Czy ich słowa się sprawdziły? Traktat o wieczystej przyjaźni między Rzeczpospolitą a Rosją z 1768 uderza podobieństwem do traktatów podpisanych prawie 200 lat później – o wiecznej przyjaźni między PRL a ZSRR. Tym razem za broń chwycili Żołnierze Wyklęci, których w 1945 r. było aż 80 tysięcy. Historycy szacują, że przez polskie organizacje antykomunistyczne przewinęło się od 120 do 180 tysięcy ludzi. Około 20 tysięcy Niezłomnych zginęło w walkach lub zostało zamordowanych w więzieniach NKWD i UB. Wielu partyzantów (podobnie jak konfederatów barskich) zostało zesłanych na Sybir. Powrócili nieliczni.

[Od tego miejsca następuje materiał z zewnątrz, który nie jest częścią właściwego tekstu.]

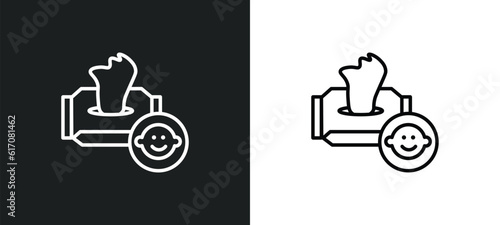 baby wipe line icon in white and black colors. baby wipe flat vector icon from baby wipe collection for web, mobile apps and ui.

Dzisiejszy dzień warto uczcić nie tylko oficjalnymi uroczystościami i noszeniem patriotycznych koszulek (owszem, to ważne), ale także – a może nawet przede wszystkim – refleksją nad słowami chociażby Łukasza Cieplińskiego, zamordowanego przez komunistów strzałem w tył głowy. Ten legendarny żołnierz Polski Podziemnej i Drugiej Konspiracji pisał w liście (grypsie) do żony…
„Wisiu, siedzę w celi śmierci. Śmierci nie boję się zupełnie. Żal mi tylko Was, sieroty moje najdroższe (…). Cel Twój i zadanie to Andrzejek i wierzę, że go wychowasz na człowieka, na Polaka i na katolika, że przekażesz mu swoje wartości duchowe i silnie zwiążesz ze mną i ideą, dla której żyłem”.
…i do syna Andrzeja pisał słowa, których już komentować nie trzeba, które pod poduszką powinni mieć posłowie ze wszystkich partii politycznych w Polsce:
„Kochaj Polskę i miej Jej dobro na uwadze zawsze. Ona musi zająć w świecie właściwe miejsce i uzyskać dobrobyt oraz szczęście wszystkich obywateli. (…) Musisz kształcić swój umysł, zdobyć szerokie wiadomości. Ucz się pilnie. Wyjedź na studia zagranicę (Ameryka, Anglia, Holandia lub Belgia). Staraj się tam zapoznać z bieżącymi problemami życia naukowego, gospodarczego, społecznego, kulturalnego i politycznego.
Pamiętaj, że musisz wrócić do kraju z wiadomościami pozytywnymi i gruntownymi. Co szlachetne i wielkie – przyjmuj, co płytkie i nikczemne – odrzucaj.”